4-Multiway Tries and TSTs

Multiway Tries and TSTs

Just like radix sort we could examine r bits at a time in radix search to get a performance gain of r times but its comes with a cost of using tree nodes with $R = 2^r$ links, and can lead to space wastage.

In binary tries we had 2 links(for 0 bit and 1 bit) for 1 bit comparison, similarly we now need the $2^r$ links for $r$ bits comparison.
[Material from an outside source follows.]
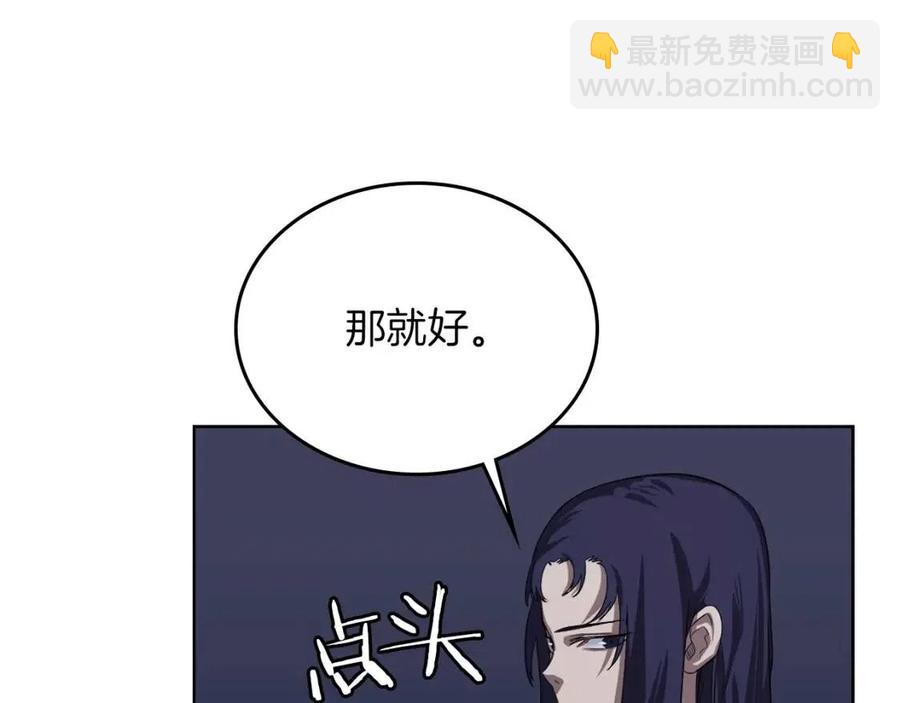 重生之我在魔教耍長槍 - 第84話 鋼鐵直男(2/3) - 3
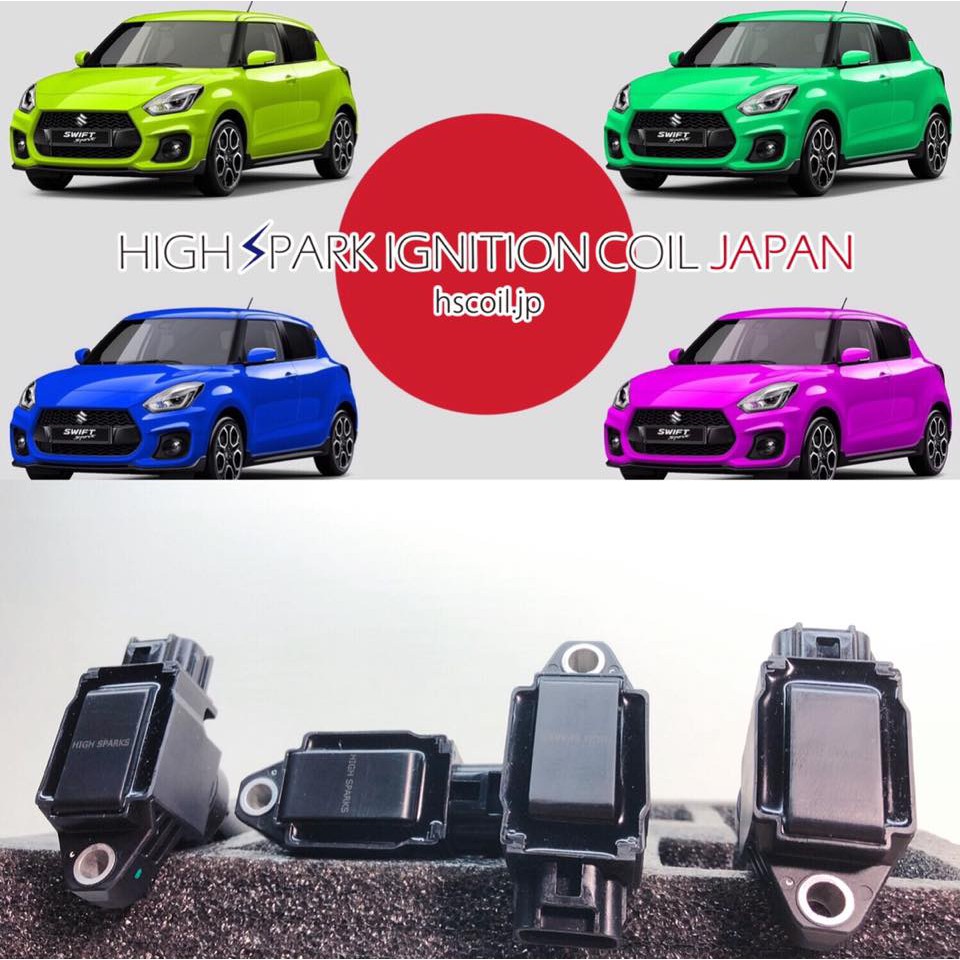 「整備區 」High Spark IG 強化考爾 SUZUKI K14C-DITC SWIFT SX4 VITARA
We store keys at the leaves and we traverse the path according to search key and if we reach a null link we will have reached search miss or we get a search hit.

Example of R-way trie for base-10 numbers

image-20210103200217886

Before doing the full symbol table implementation with multiple nodes type, we begin study of multiway tries by concentrating on existence-table problem.

Definition : The existence trie corresponding to a set of keys is defined recursively as follows : The trie for an empty set of keys is a null link; and the trie for a non-empty set of keys is an internal node with links referring to the trie for each possible key digit, with the leading digit considered to be removed for the purpose of constructing the subtrees.

Example : 26-way trie for the words now , is and the has nine nodes and following insertion of time and for.

image-20210103200851423

Definition 2: A multiway trie is multiway tree that has keys associated with each of its leaves, defined recursively as follows: The trie for an empty set of keys is a null link; the trie for a single key is a leaf containing that key; and the trie for a set of keys of cardinality greater than one is an internal node with links referring to tries for keys with each possible digit value, with the leading digit considered to be removed for the purpose of constructing the subtree.

There is a important assumption here that no key is prefix of other key.

Existence-trie search and insertion

private:
	struct node
    { node **next;
    	node()
        { next = new node*[R];
          for(int i = 0; i < R; i++) next[i] = 0; }
    };
	typedef node *link;
	link head;
	Item searchR(link h, Key v, int d)
    {
        int i = digit(v,d);
        if(h==0) return nullItem;
        if(i == NULLdigit)
        	{ Item dummy(v); return dummy; }
        return searchR(h->next[i], v, d+1);
    }
	void insertR(link& h, Item x, int d)
    {
        int i = digit(x.key(), d);
        if(h == 0) h = new node;
        if(i == NULLdigit) return;
        insertR(h->next[i], x, d+1);
    }
public:
	ST(int maxN)
    { head = 0; }
	Item search(Key v)
    { return searchR(head, v, 0); }
	void insert(Item x)
    { insertR(head, x, 0); }

Property : Search or insertion in a standard R-ary trie requires about $\log_R N$ byte comparisons on the average in a tree built from N random bytestrings. The number of links in an R-ary trie built form $N$ random keys is about $\frac{RN}{\ln R}$. The number of byte comparisons for search or insertion is no more than the number of bytes in the search key.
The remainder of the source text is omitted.